**Brief:**
Copy exactly, and only, the lines from the one with "Baby Monthly Milestone" to the end of the listing; omit pictures.

**Records for this task:**
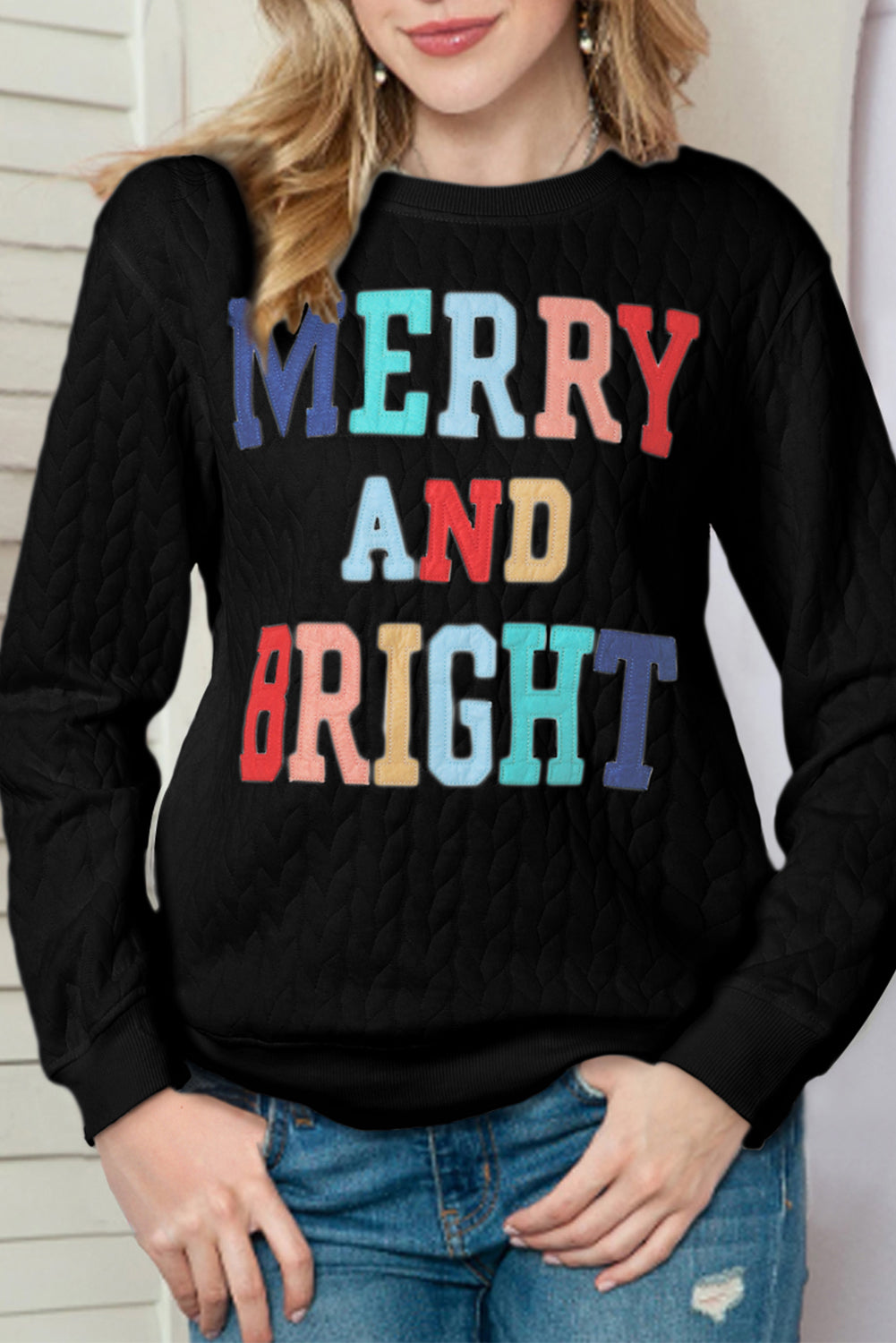 White Merry and Bright Quilted Sweatshirt-Sweatshirts & Hoodies-[Adult]-[Female]-2022 Online Blue Zone Planet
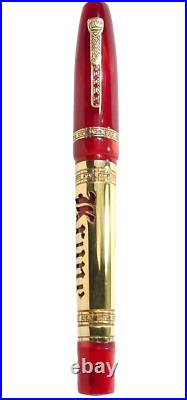 Rare! Krone Scepter Czar Red & Gold Rollerball Pen And Box (no Papers)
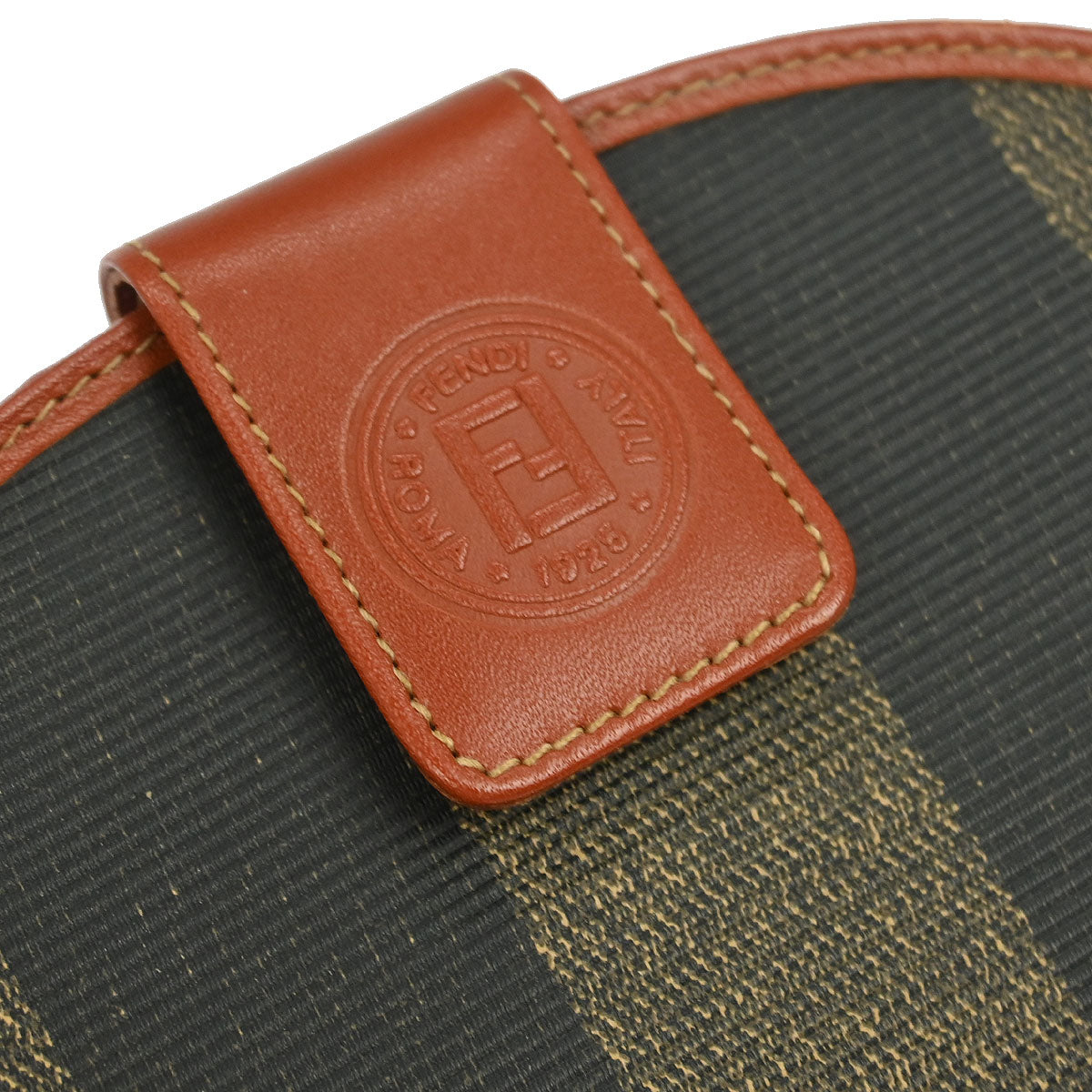 Fendi Black Brown Pequin Wallet Purse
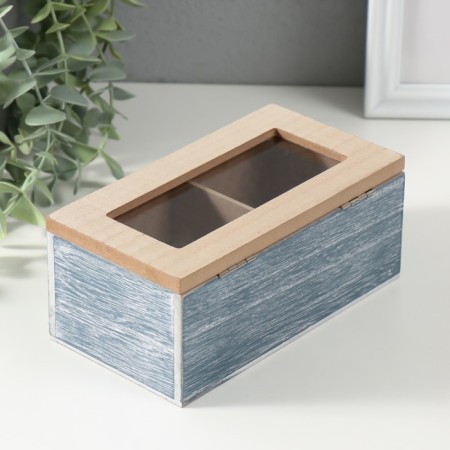 Casket Wood 2 Detroot "Dragonfly and Flowers" Blue 8.8x16.2x7 cm-4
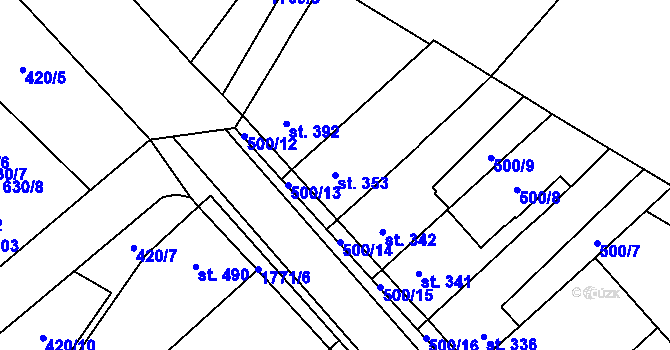 Parcela st. 353 v KÚ Sezemice nad Loučnou, Katastrální mapa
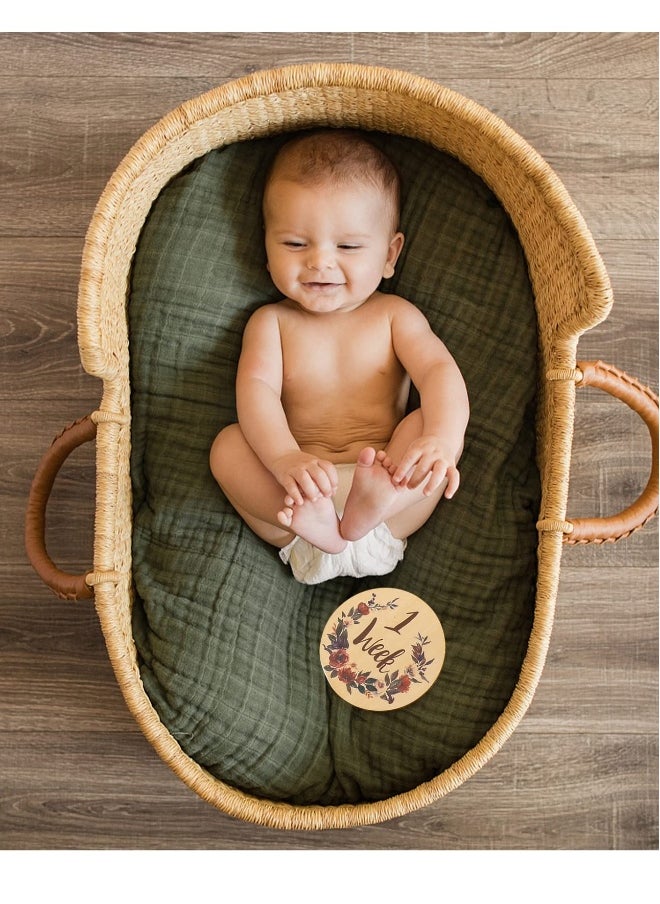 Baby Monthly Milestone 15 Pieces Milestone Numbers Props Wooden Newborn Welcome Discs Sign Baby Milestone Cards Weekly Monthly Growth Milestone Signs Baby Announcement Props For Boys Girls Photo Prop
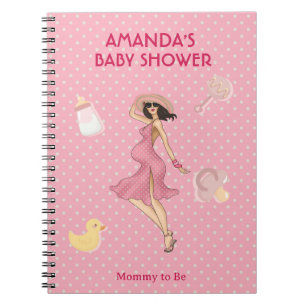 Retro Mommy Brünett 2 Babydusche Notizblock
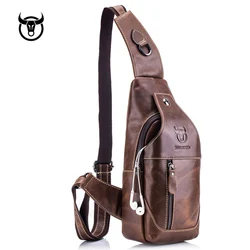 Homens de Couro Genuíno Bolsa de Peito Crossbody, Sacos De Ombro, Pacote Diagonal, Messenger Bag, Couro, Marca Designer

**The answer:**
 Baby Monthly Milestone 15 Pieces Milestone Numbers Props Wooden Newborn Welcome Discs Sign Baby Milestone Cards Weekly Monthly Growth Milestone Signs Baby Announcement Props For Boys Girls Photo Prop
 Retro Mommy Brünett 2 Babydusche Notizblock
 Homens de Couro Genuíno Bolsa de Peito Crossbody, Sacos De Ombro, Pacote Diagonal, Messenger Bag, Couro, Marca Designer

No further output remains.